Egypt, where Mursi has his roots in Hamas's spiritual mentors the Muslim Brotherhood, is acting as a mediator in the biggest test yet of Cairo's 1979 peace treaty with Israel since the fall of Hosni Mubarak early last year.

"I think we are close, but the nature of this kind of negotiation, (means) it is very difficult to predict," Egyptian Prime Minister Hisham Kandil, who visited Gaza on Friday in a show of support for its people, said in an interview in Cairo for the Reuters Middle East Investment Summit.

Egypt has been hosting leaders of both Hamas and Islamic Jihad, a smaller armed faction.

Israeli media said a delegation from Israel had also been to Cairo for truce talks. A spokesman for Netanyahu's government declined comment on the matter.

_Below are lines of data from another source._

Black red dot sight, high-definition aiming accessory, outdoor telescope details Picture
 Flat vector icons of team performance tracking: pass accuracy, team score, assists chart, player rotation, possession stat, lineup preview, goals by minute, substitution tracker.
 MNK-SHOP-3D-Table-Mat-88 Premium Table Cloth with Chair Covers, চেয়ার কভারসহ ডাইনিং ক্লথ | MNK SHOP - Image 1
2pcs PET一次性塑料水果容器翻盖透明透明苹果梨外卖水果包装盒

Egypt's foreign minister, who met UN chief Ban on Monday, is expected to visit Gaza on Tuesday with a delegation of Arab ministers.

THOUSANDS MOURN FAMILY

Israel: Diplomacy preferred but ready to invade Gaza

Palestinian relatives of nine members of the al-Dalu family mourn during their funeral in Gaza City, Nov 19, 2012. [Photo/Agencies]

Thousands turned out on Gaza's streets to mourn four children and five women who were among 11 people killed in an Israeli air strike that flattened a three-storey home the previous day.

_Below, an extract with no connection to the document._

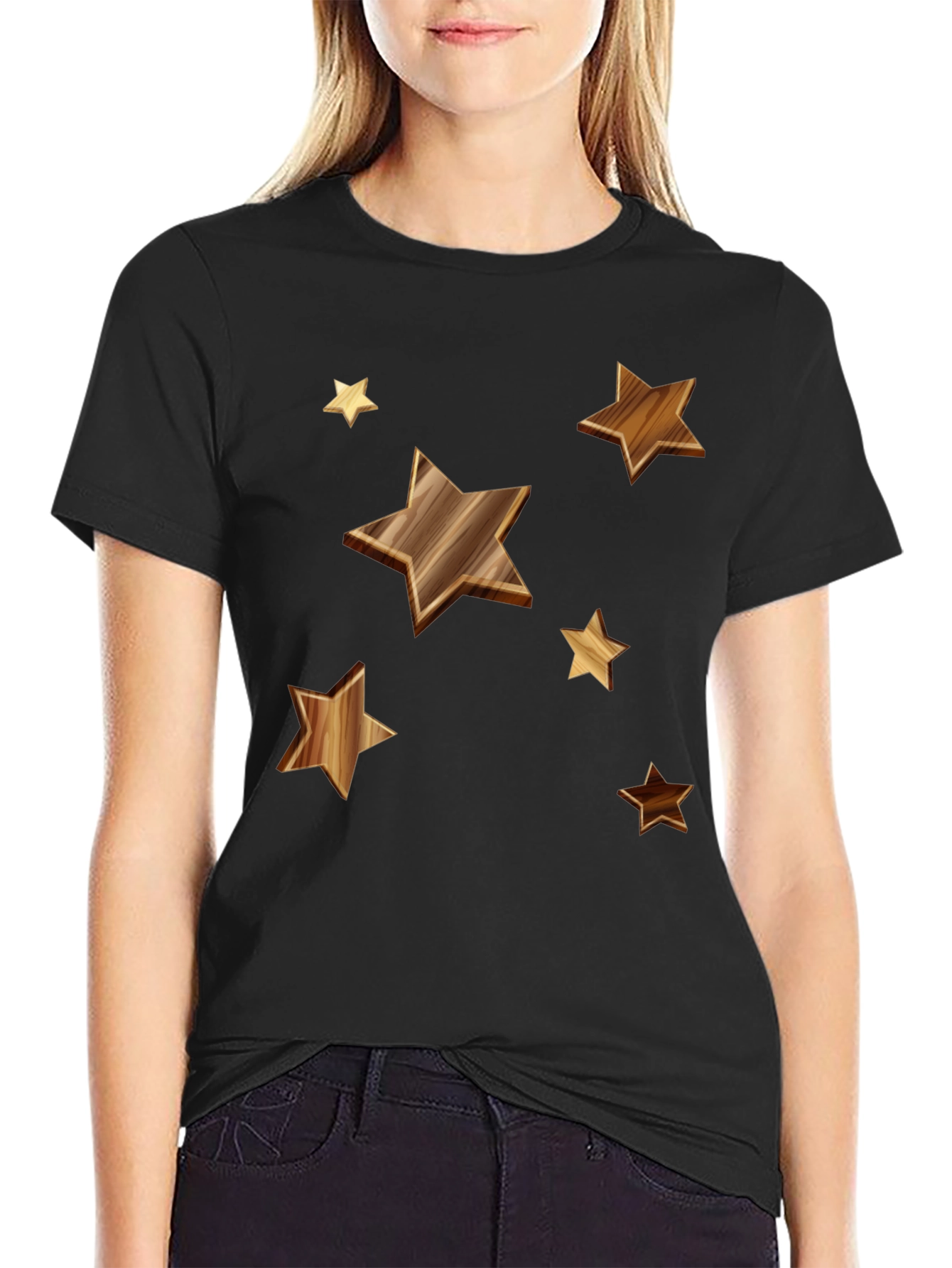 Black Starry Woodgrain Tee - Casual Cotton Comfort view 2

The bodies were wrapped in Palestinian and Hamas flags. Echoes of explosions mixed with cries of grief and defiant chants of "God is greatest!".

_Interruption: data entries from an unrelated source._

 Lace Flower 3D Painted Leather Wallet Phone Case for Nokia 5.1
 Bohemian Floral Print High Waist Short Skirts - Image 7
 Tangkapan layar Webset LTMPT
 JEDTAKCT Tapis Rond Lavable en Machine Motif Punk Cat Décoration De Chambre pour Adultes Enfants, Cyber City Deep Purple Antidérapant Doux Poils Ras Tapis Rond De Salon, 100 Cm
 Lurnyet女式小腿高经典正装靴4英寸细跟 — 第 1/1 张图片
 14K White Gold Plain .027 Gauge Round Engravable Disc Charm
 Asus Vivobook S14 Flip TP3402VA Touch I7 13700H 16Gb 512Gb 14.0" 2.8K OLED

Those deaths drew more international calls for an end to hostilities and could test Western support for an offensive that Israel billed as self-defence after years of cross-border rocket attacks.

Israel said it was investigating the strike that brought the home crashing down on the al-Dalu family, where the dead spanned four generations. Some Israeli newspapers said the house might have been targeted by mistake.

In scenes recalling Israel's 2008-2009 winter invasion of the coastal enclave, tanks, artillery and infantry have massed in field encampments along the sandy, fenced-off border.

Israel has also authorised the call-up of 75,000 military reservists, so far mobilising around half that number.

The Gaza fighting adds to worries of world powers watching an already combustible region, where several Arab autocrats have been toppled in popular revolts in the past two years and a civil war in Syria threatens to spread beyond its borders.

In the absence of any prospect of permanent peace between Israel and Islamist factions such as Hamas, mediated deals for each to hold fire unilaterally have been the only formula for stemming bloodshed in the past.

Hamas and other groups in Gaza are sworn enemies of the Jewish state, which they refuse to recognise and seek to eradicate, claiming all Israeli territory as rightfully theirs.

Hamas won legislative elections in the Palestinian Territories in 2006. A year later, after the collapse of a unity government under President Mahmoud Abbas, it seized Gaza in a brief civil war with Abbas's forces.